■ Directions: Return all the lines below exactly. Any picture among them is omitted.

■ Raw data:
******

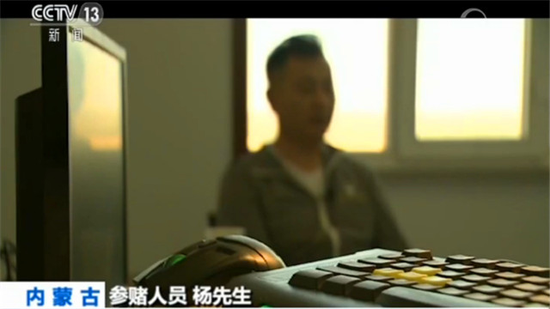 央视揭露网络赌博“花式”骗局内幕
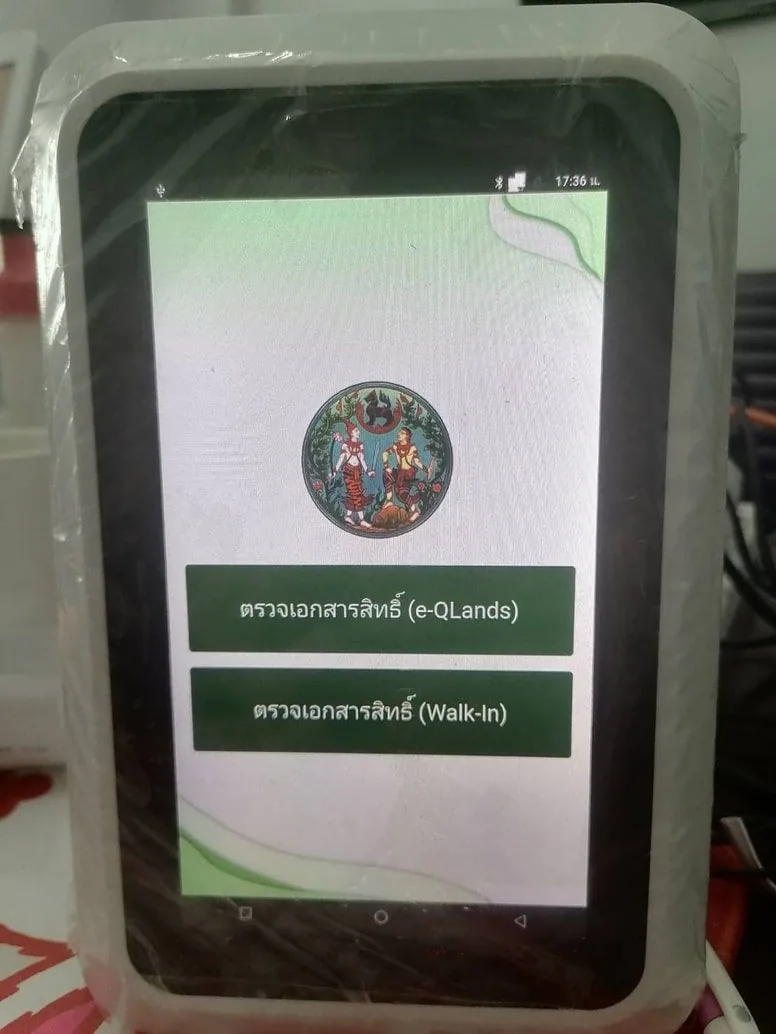QS-QD06 เครื่องบัตรกดคิว Android แบบตั้งโต๊ะ Desktop Queue Ticket
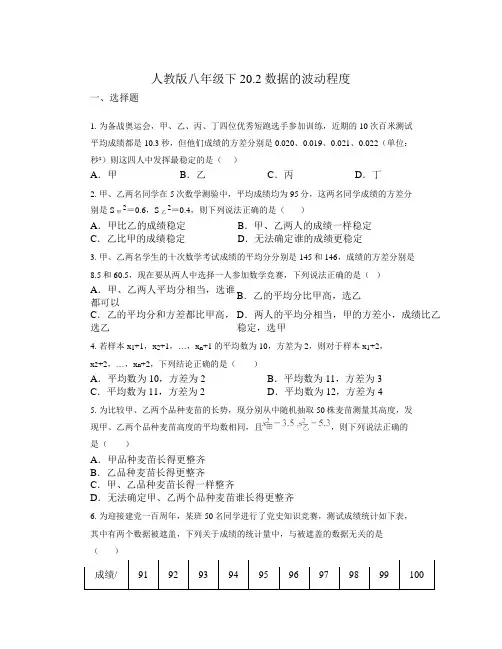 数据的波动程度练习题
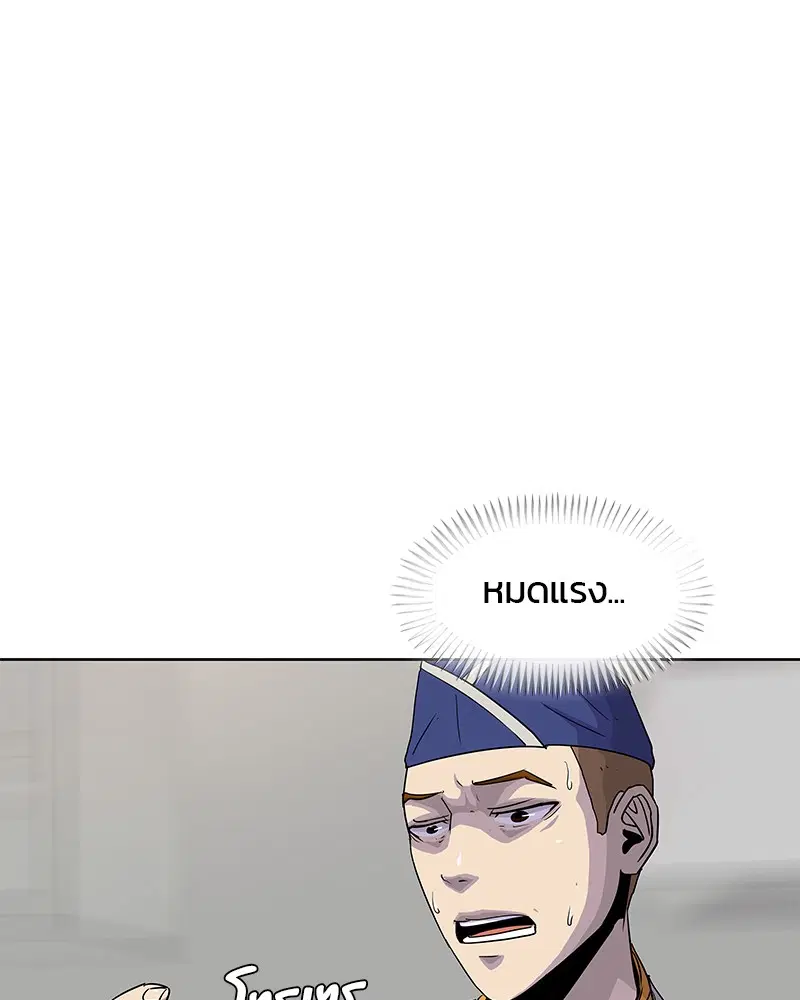 Kitchen Soldier ตอนที่ 81 หน้า 53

******

■ Exercise output:
 央视揭露网络赌博“花式”骗局内幕
QS-QD06 เครื่องบัตรกดคิว Android แบบตั้งโต๊ะ Desktop Queue Ticket
 数据的波动程度练习题
 Kitchen Soldier ตอนที่ 81 หน้า 53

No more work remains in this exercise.